<hr>

# PREDICTING THE STOCK MARKET WITH WATSON

## Part 2: Introduction

In this Jupyter Notebook you'll learn step-by-step how to use the Watson Machine Learning API that was automatically generated when the previously created WS Modeler flow was deployed. You will also learn how to download files from IBM Cloud Object Storage and generate interactive visualizations using `Bokeh`. 

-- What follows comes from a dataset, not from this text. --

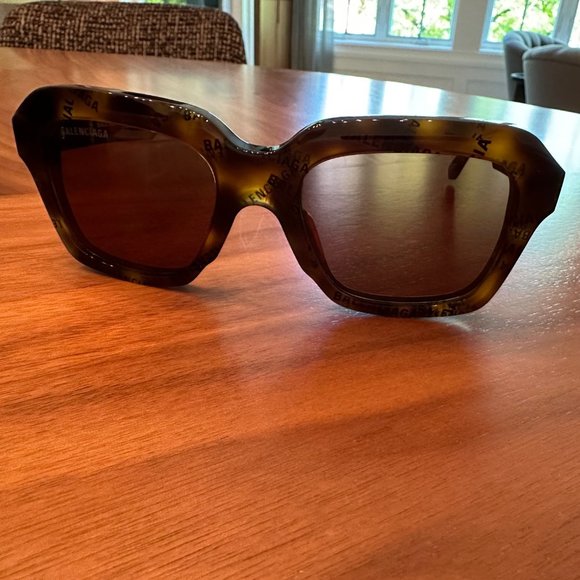 Balenciaga Sunglasses - Picture 1 of 11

This Notebook is part of the series on stock market forecasting.

## Table of Contents

#### 1. Using the Watson Machine Learning Python Client
* 1.1: Setting up WML Credentials and Client
* 1.2: Preparing Input Data
* 1.3: Making an API Call to WML
* 1.4: Parsing the WML results

#### 2. Visualizing the Results
* 2.1: Plotting the Modeler Flow Forecasts
* 2.2: Validating Modeler Flow Forecasts with Observed Data
* 2.3: Interacting with Complete Historic and Forecasted Data

<hr>

# 1: Using the Watson Machine Learning Python Client

Previously, we trained a time series forecaster in Watson Modeler Flow and later deployed this forecaster in a Watson Machine Learning service instance.

Now, in this section, we will use the WML API to send new input data to our time series forecaster.

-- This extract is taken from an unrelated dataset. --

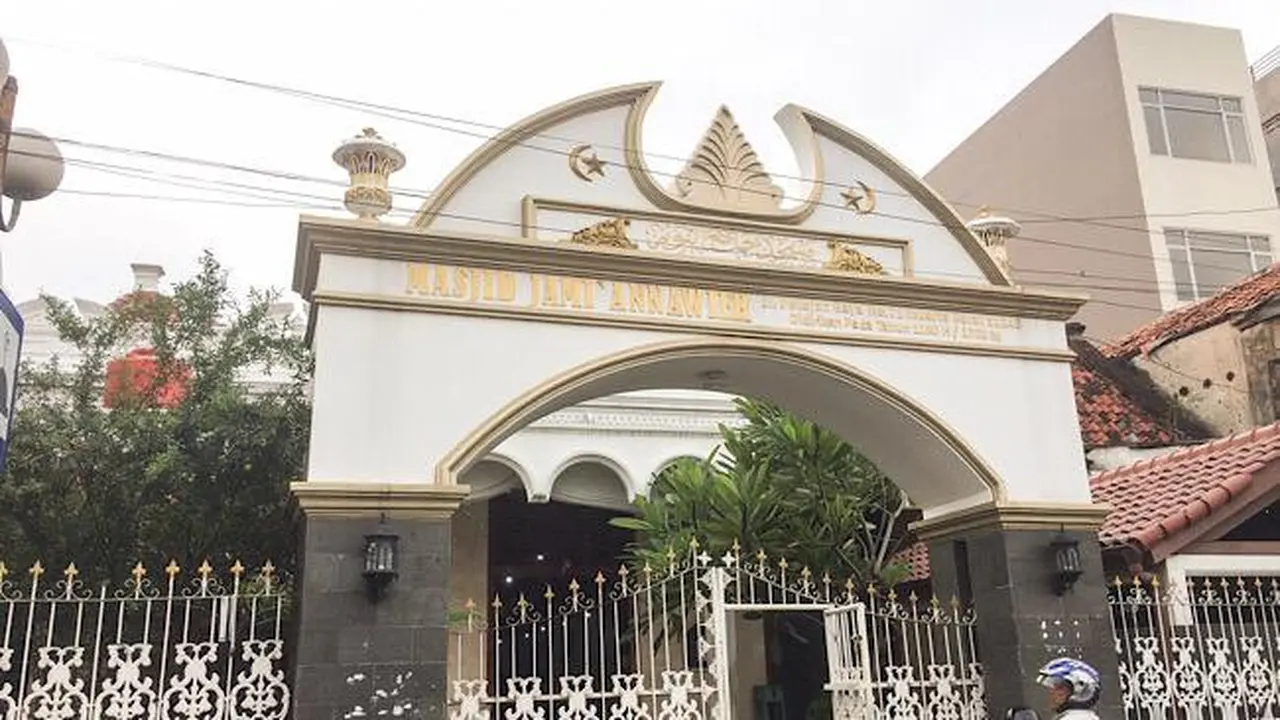Gerbang Depan Masjid An Nawier atau Masjid Pekojan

### 1.1: Setting up WML Credentials and Client

Go to the the IBM Cloud portal and access your Watson Machine Learning instance.

Copy your credentials in the variable in the next cell, as shown.

In [None]:
from ibm_watson_machine_learning import APIClient
print('Packages imported.')

In [None]:
wml_credentials = {
    "apikey": "",
    "url": ""
}

In [None]:
client = APIClient(wml_credentials)

Now, paste the scoring_endpoint link you copied in the first part of this code pattern into the variable below.

In [None]:
scoring_endpoint = ""

Now, paste the Space ID from Settings of the Deployment Space for this Watson Machine Learning Service in the variable below.

In [None]:
space_uid = ""

### 1.2: Preparing Input Data

The `payload` dict will contain only some points of data for demonstration. 

This payload must be a dict type with the same structure as the csv file prepared with Data Refinery in Watson Studio.

Remember that the `WIKI/TABLE` Quandl database only goes until 27-March-2018.

In [None]:
# NOTE: manually define and pass the array(s) of values to be scored in the next line
payload = {
    "fields": ["Date", "Open", "High", "Low", "Close"],
    "values": [['2017-03-28', 140.91, 144.04, 140.62, 143.80]]
}

### 1.3: Making an API Call to WML

The next code cell executes a HTTP request to WML with the payload as input.

In [None]:
data = wml_client.deployments.score(scoring_endpoint, payload)

Before using `Bokeh` to interact with the data, we need to parse it in a Pandas dataframe.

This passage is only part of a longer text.